Exercise. Print out all of the records exactly; no picture belongs in the result.

____ Data

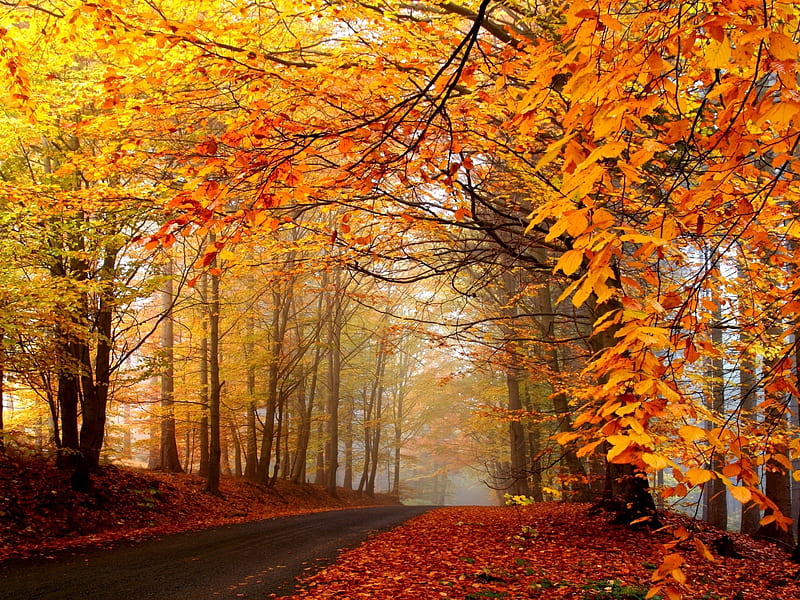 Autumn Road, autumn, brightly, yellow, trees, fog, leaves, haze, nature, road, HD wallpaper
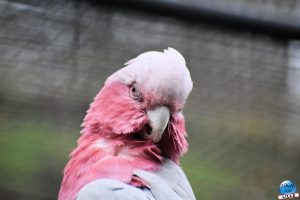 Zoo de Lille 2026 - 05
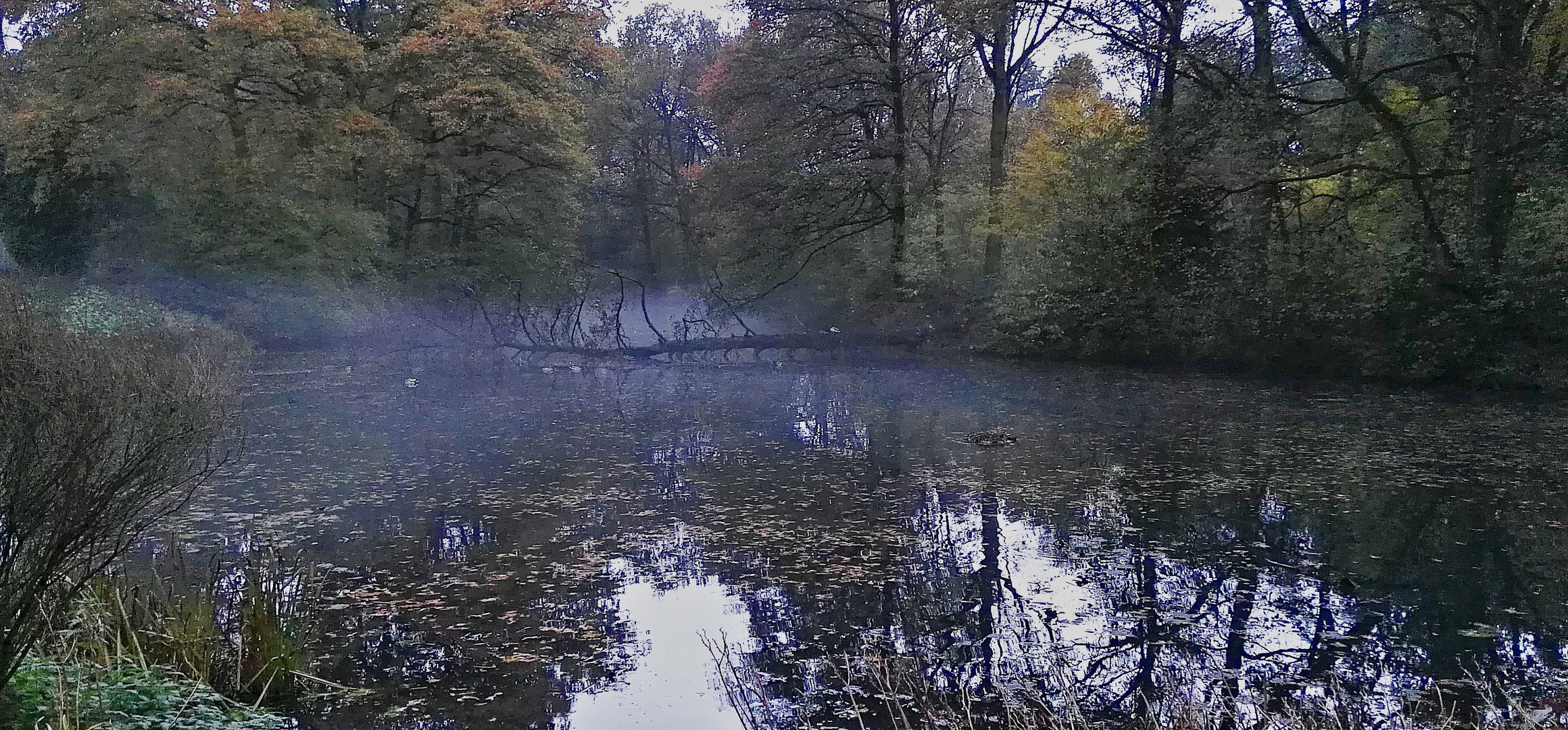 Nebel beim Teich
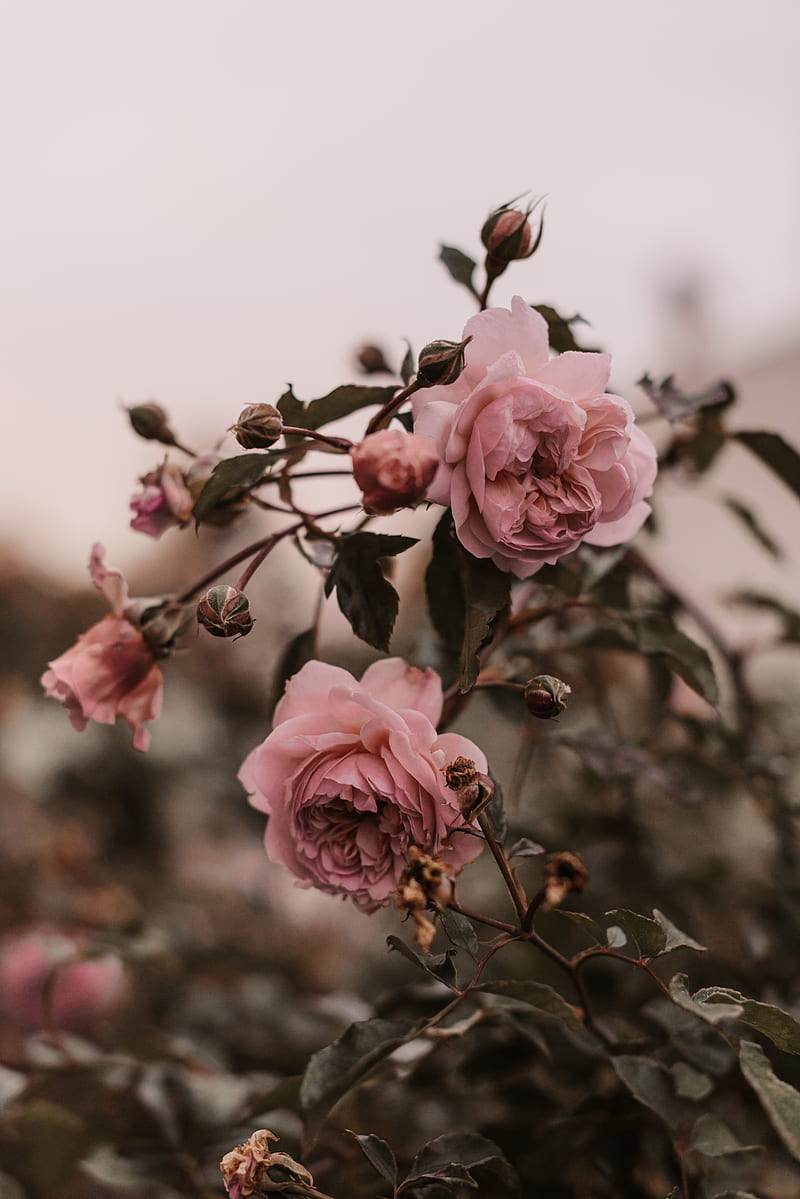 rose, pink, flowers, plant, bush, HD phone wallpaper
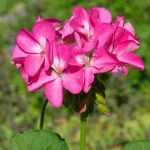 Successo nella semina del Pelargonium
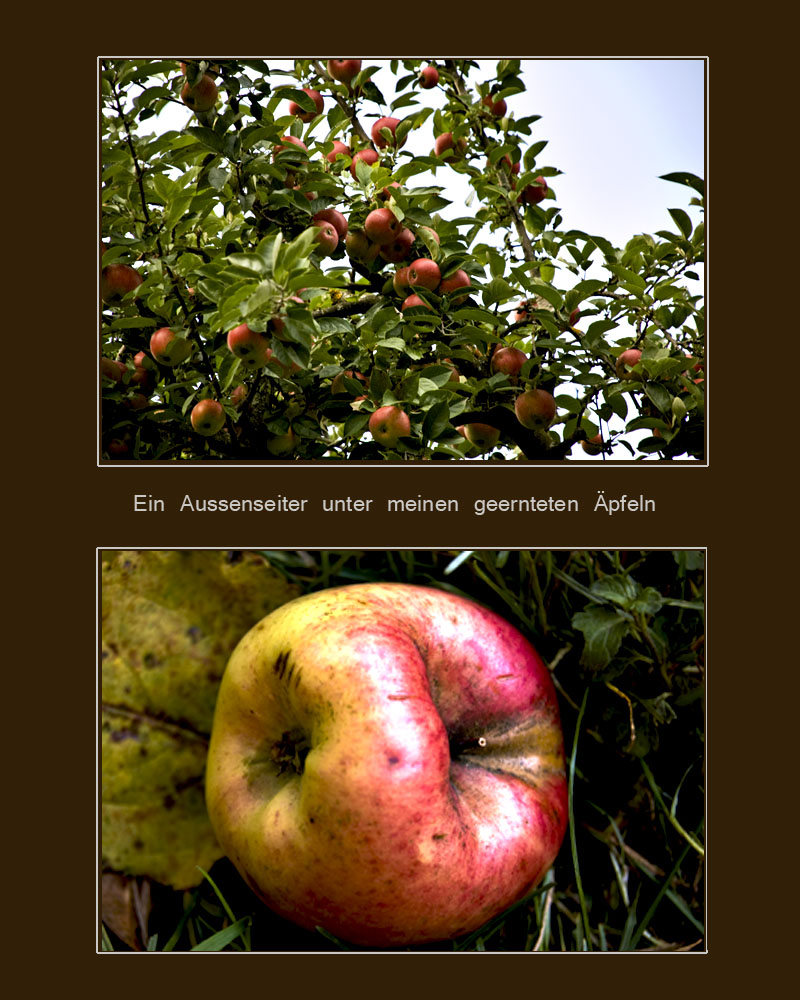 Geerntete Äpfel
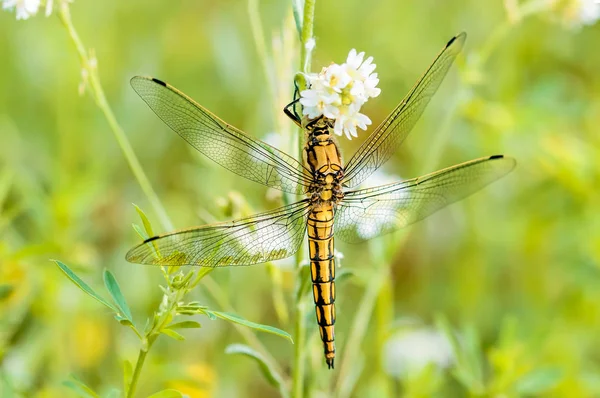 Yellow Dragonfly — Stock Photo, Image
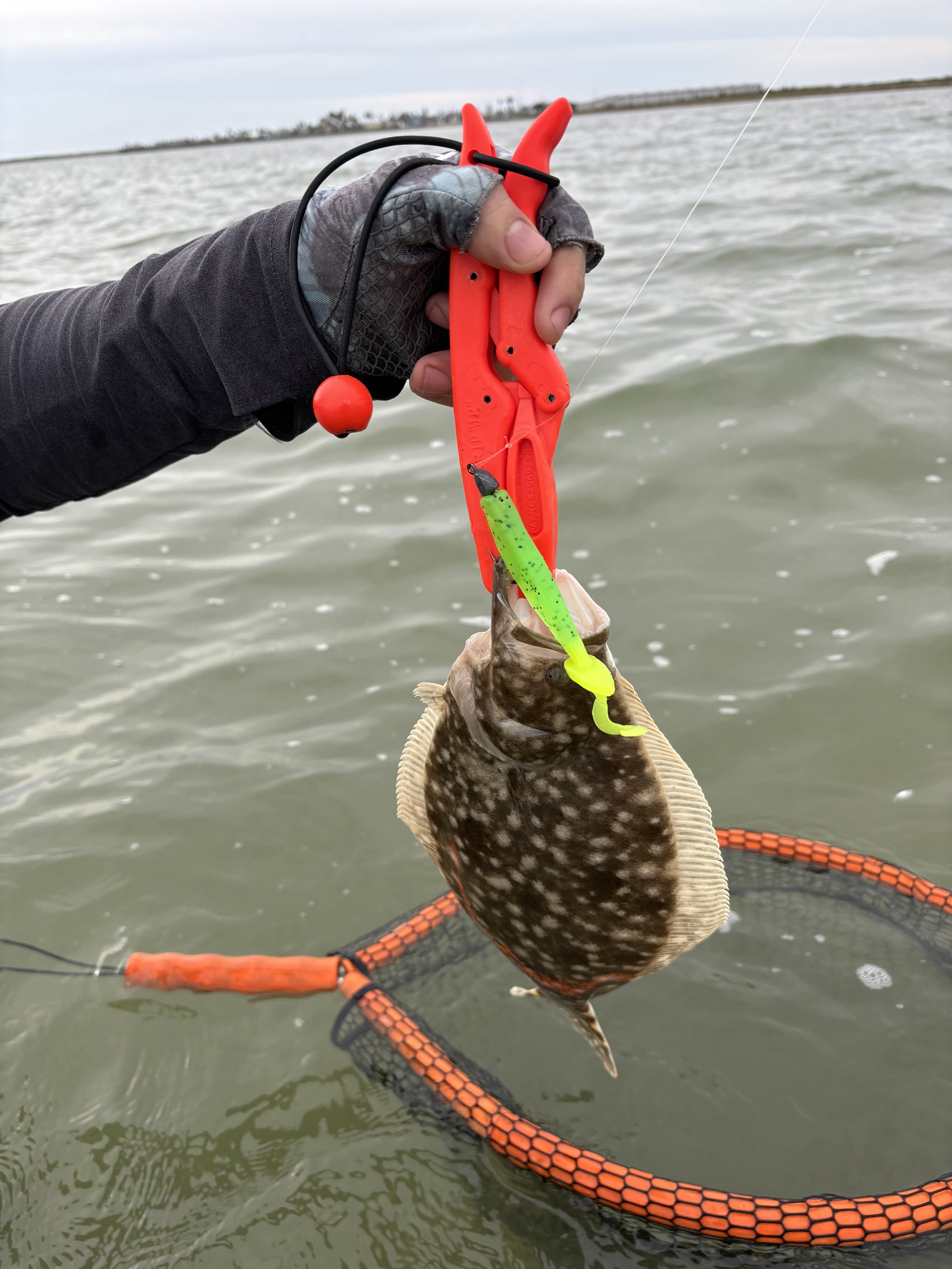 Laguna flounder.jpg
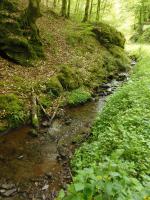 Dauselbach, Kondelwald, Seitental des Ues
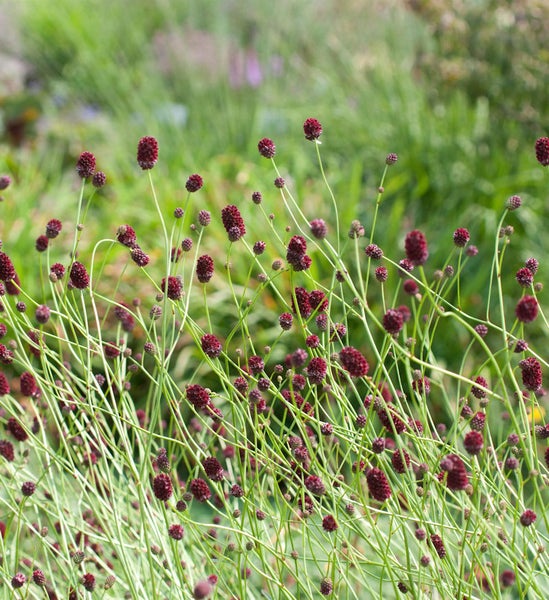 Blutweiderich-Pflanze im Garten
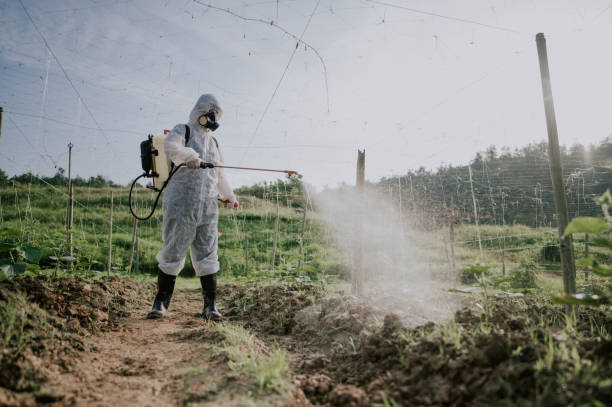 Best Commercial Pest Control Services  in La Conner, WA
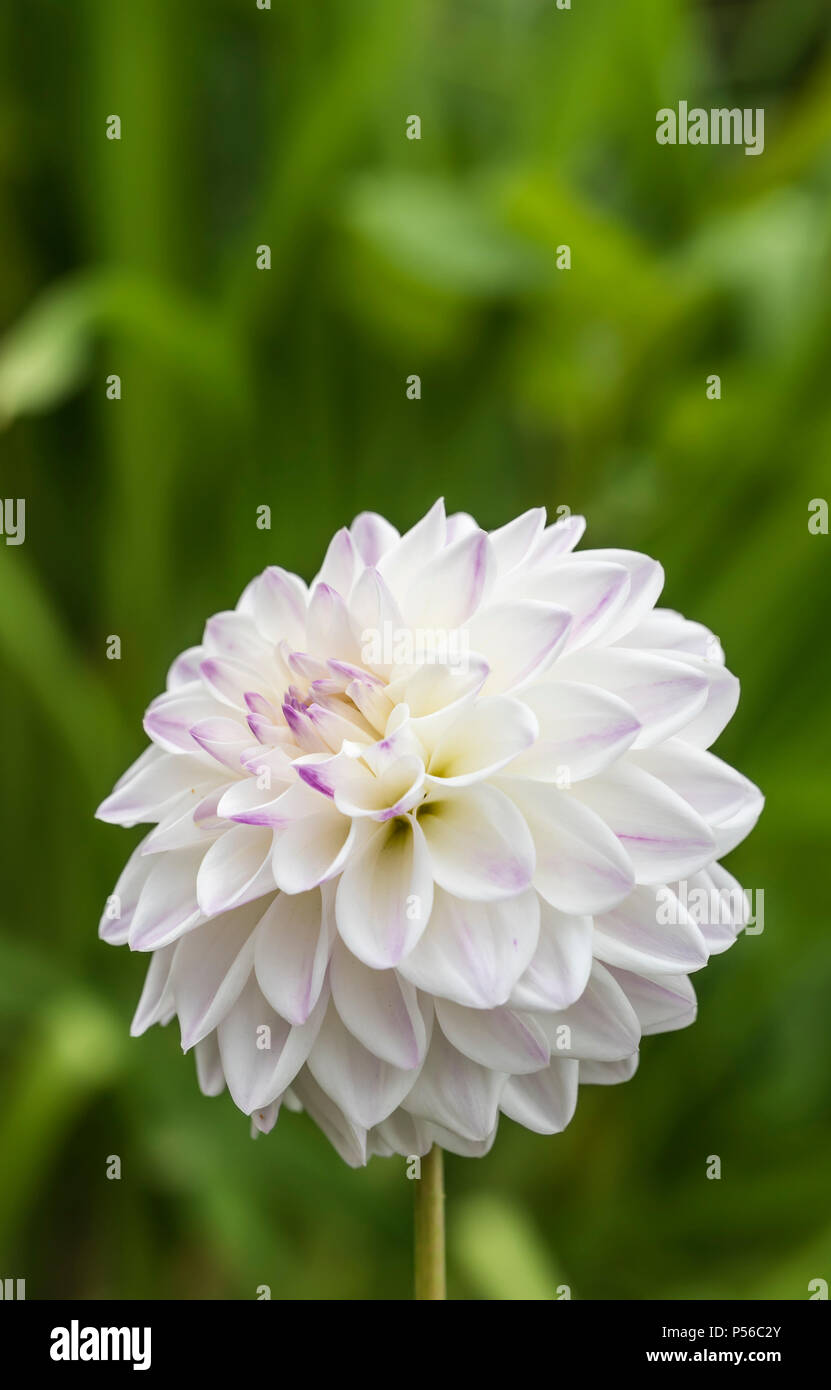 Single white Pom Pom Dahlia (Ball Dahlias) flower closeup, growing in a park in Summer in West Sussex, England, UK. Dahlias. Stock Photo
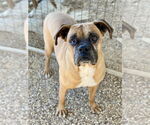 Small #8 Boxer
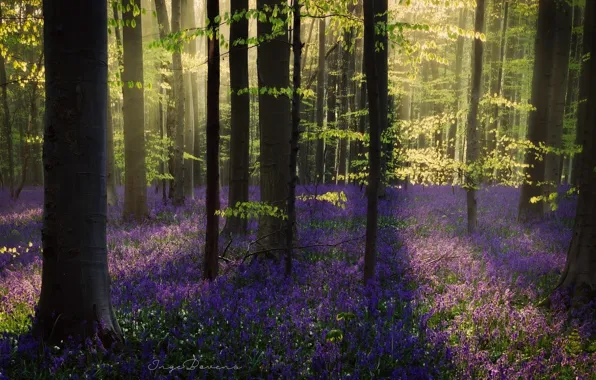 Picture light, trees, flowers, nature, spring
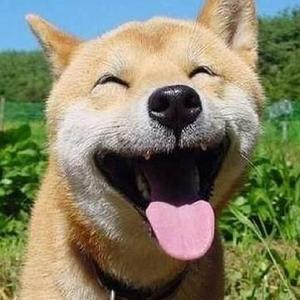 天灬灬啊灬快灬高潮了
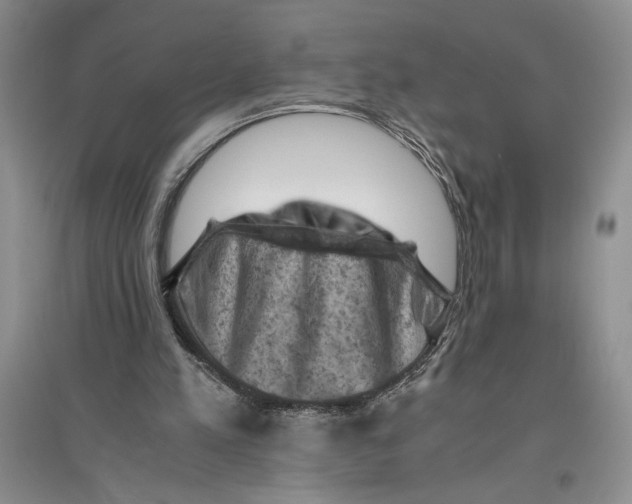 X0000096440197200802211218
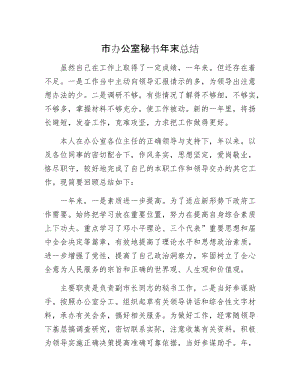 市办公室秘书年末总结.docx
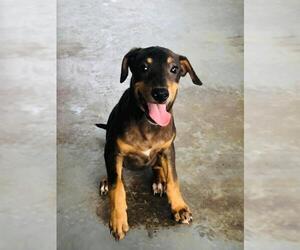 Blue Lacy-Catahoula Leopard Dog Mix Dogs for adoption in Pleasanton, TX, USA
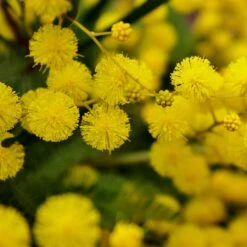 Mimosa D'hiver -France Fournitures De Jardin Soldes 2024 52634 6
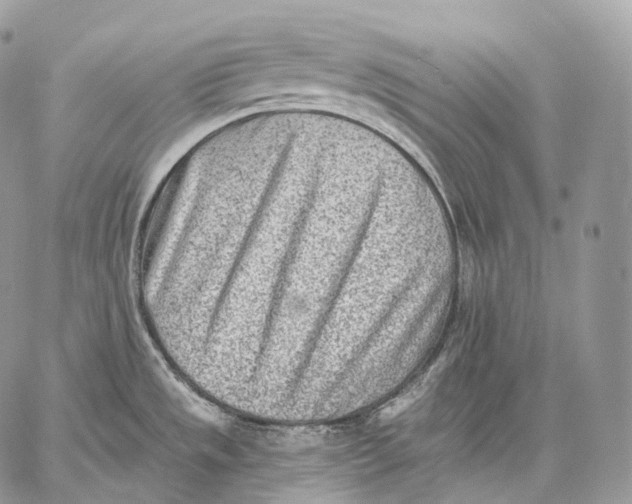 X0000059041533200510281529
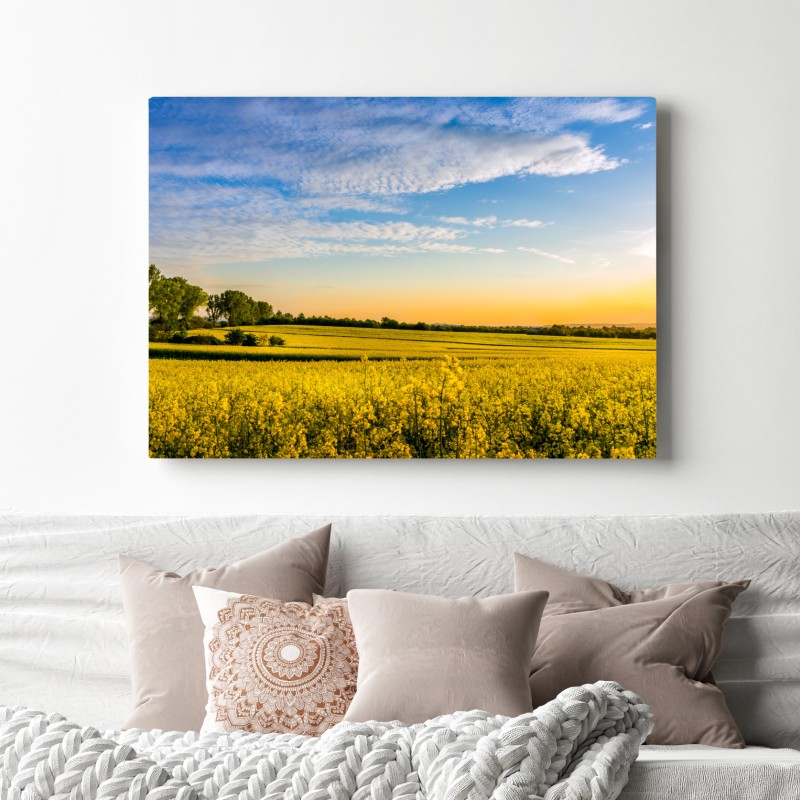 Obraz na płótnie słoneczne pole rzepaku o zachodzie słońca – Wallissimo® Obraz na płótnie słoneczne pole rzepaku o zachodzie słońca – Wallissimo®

________

Written response.
 Autumn Road, autumn, brightly, yellow, trees, fog, leaves, haze, nature, road, HD wallpaper
 Zoo de Lille 2026 - 05
 Nebel beim Teich
 rose, pink, flowers, plant, bush, HD phone wallpaper
 Successo nella semina del Pelargonium
 Geerntete Äpfel
 Yellow Dragonfly — Stock Photo, Image
 Laguna flounder.jpg
 Dauselbach, Kondelwald, Seitental des Ues
 Blutweiderich-Pflanze im Garten
 Best Commercial Pest Control Services  in La Conner, WA
 Single white Pom Pom Dahlia (Ball Dahlias) flower closeup, growing in a park in Summer in West Sussex, England, UK. Dahlias. Stock Photo
 Small #8 Boxer
 Picture light, trees, flowers, nature, spring
 天灬灬啊灬快灬高潮了
 X0000096440197200802211218
 市办公室秘书年末总结.docx
 Blue Lacy-Catahoula Leopard Dog Mix Dogs for adoption in Pleasanton, TX, USA
 Mimosa D'hiver -France Fournitures De Jardin Soldes 2024 52634 6
 X0000059041533200510281529
 Obraz na płótnie słoneczne pole rzepaku o zachodzie słońca – Wallissimo® Obraz na płótnie słoneczne pole rzepaku o zachodzie słońca – Wallissimo®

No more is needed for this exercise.